Sul tema della detraibilità dell’Iva, va chiarito che, nel caso di emissione della fattura da parte di un soggetto diverso da quello che ha effettuato la cessione o la prestazione, viene a mancare lo stesso principale presupposto della detrazione dell’Iva, costituita dall’effettuazione di un’operazione, giacché questa (riferendosi il Dpr n. 633 del 1972, articolo 19, comma 1, all’imposta relativa alle “operazioni effettuate”) deve ritenersi carente anche nel caso in cui i termini soggettivi dell’operazione non coincidano con quelli della fatturazione.
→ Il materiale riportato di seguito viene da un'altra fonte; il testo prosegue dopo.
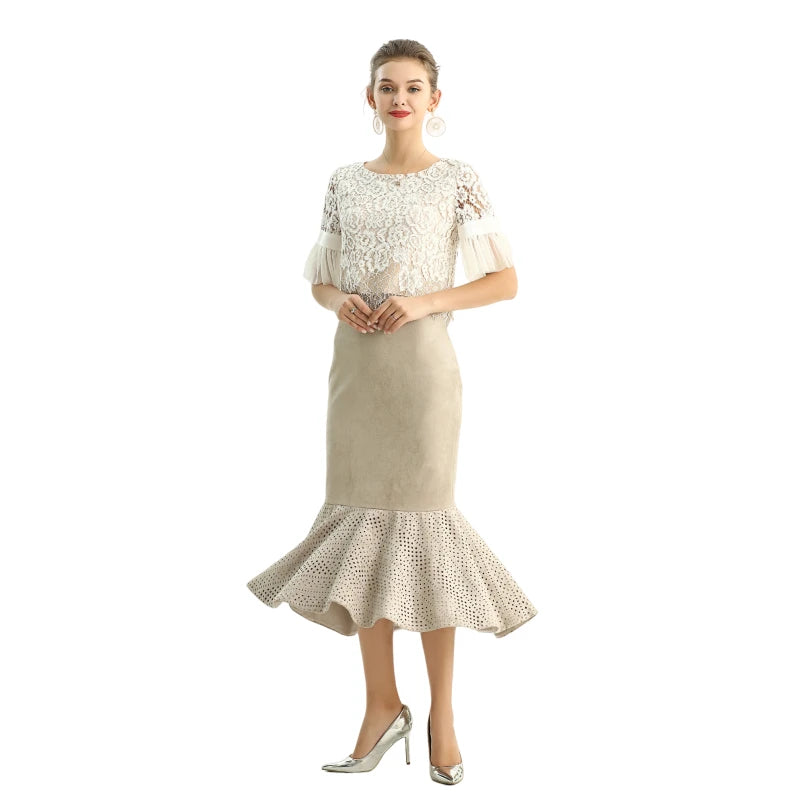 JJparty-S168-1 Women faux suede perforated flounced ruffle mermaid midi skirt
Come è stato reiteratamente precisato dalla sezione tributaria della suprema Corte (ex multis, sezione 5, n. 23626 del 11/11/2011) la previsione del Dpr n. 633 del 1972, articolo 21, comma 7 – secondo la quale, se vengono emesse fatture per operazioni inesistenti, l’imposta è dovuta per l’intero ammontare indicato o corrispondente alle indicazioni della fattura – è, con riguardo all’ipotesi considerata, esplicita nel senso di imporre il versamento dell’imposta, ma di precluderne la detrazione. Il diritto alla detrazione dell’Iva non può infatti prescindere dalla regolarità delle scritture contabili ed in particolare della fattura che è considerata documento idoneo a rappresentare un costo dell’impresa.
Diversamente opinando, ritenendo cioè rilevante ai fini della evasione fiscale soltanto il mancato versamento dell’Iva da parte del cedente, si aggirerebbero elusivamente le disposizioni del Dpr n. 633 del 1972, articoli 19 e 26, che legittimano la detrazione Iva – da parte del cessionario – solo in relazione ad “effettive” operazioni commerciali (beni o servizi “importati od acquistati” nell’esercizio dell’attività economica) e riconducono ad unità il sistema della rivalsa e della detrazione.
Si tratta di principi che si applicano sia alle false fatturazioni emesse per operazioni oggettivamente inesistenti che a quelle emesse per operazioni solo soggettivamente inesistenti (quindi ogni tipo di divergenza tra la realtà commerciale e la sua espressione documentale, ivi compresa perciò anche l’ipotesi di inesistenza soggettiva, nella quale, pur risultando i beni entrati nella disponibilità patrimoniale dell’impresa utilizzatrice delle fatture che ha regolarmente versato il corrispettivo, venga accertato che uno o entrambi i soggetti del rapporto documentato dalla fattura siano falsi) e, dunque, riconducibili alle cd. “frodi carosello”, caratterizzate dal fatto che la merce acquistata dal contribuente che esercita il diritto alla detrazione Iva proviene in realtà da soggetto diverso da quello fittiziamente interposto che ha emesso la fattura, incassando l’Iva in rivalsa ed omettendo poi di versarla all’Erario.